The company operates five segments: SDG&E, SoCalGas (SCG), Sempra Texas Utilities, Sempra Mexico, and Sempra LNG. SDGE's service area includes 4,100 square miles from Orange County to the Mexican border.

SDGE serves 1.47 million electric customers within a population of 3.7 million and 895,000 natural gas customers within a population of 3.4 million. SCG's service area includes 24,000 square miles of Central and Southern California, covering 6.03 million natural gas customers with a population of 22.0 million.

Sempra Texas Utilities owns an 80.25% interest in Oncor Holdings. Sempra LNG provides natural gas marketing, trading, and risk management services and sells electricity. Sempra Mexico develops, owns, and operates, or holds interests in, energy infrastructure in Mexico in two key energy markets: gas and power.

IEnova's gas business offers pipeline services for natural gas, LPG and ethane, as well as storage for LNG and LPG, and distribution of natural gas. IEnova is constructing marine and land terminals for the receipt, storage, and delivery of liquid fuels.

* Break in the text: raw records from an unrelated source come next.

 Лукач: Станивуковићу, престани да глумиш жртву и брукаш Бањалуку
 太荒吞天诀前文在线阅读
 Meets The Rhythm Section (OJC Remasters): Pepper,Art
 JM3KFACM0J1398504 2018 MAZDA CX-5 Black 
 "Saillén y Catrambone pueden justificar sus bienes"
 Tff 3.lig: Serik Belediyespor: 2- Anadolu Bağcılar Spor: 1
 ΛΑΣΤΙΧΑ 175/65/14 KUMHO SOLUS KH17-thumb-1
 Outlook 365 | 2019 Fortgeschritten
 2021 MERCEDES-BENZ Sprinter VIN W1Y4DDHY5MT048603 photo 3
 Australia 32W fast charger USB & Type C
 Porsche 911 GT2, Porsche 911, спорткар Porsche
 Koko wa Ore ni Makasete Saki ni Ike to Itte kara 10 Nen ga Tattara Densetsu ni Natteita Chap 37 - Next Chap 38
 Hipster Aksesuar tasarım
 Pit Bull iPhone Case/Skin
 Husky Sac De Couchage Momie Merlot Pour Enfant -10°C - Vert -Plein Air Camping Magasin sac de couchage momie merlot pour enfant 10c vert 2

In its power business, IEnova operates a natural-gas fired combined-cycle plant and wind and solar power plants and is constructing additional wind and solar power plants. Sempra Energy owns 66.6% of IEnova as of December 31, 2019, and the remaining shares trade on the Mexican Stock Exchange.

Our Strong Buy opinion reflects our view of strong EPS growth driven by new projects entering service and its discount to peer’s valuation. SRE's utility segment has various projects in development that should add to its rate base. Also, it has filed for rate increases covering the period from 2019 through 2022. We see the startup in 2019 and 2020 of the Cameron LNG export project boosting EPS.

Activist investor interest has led SRE's board to change its makeup and initiate strategic reviews. Thus, SRE has sold its U.S. renewables business and two natural gas storage assets and announced agreements to sell its international utilities in Chile and Peru.

Our 12-month target price of $140 is 20.4x our 2020 EPS estimate, or a premium to peers, warranted by prospects for an above-peer three-year EPS growth rate. Risks to our recommendation and 12-month target price include unfavorable regulatory decisions and weaker economic conditions.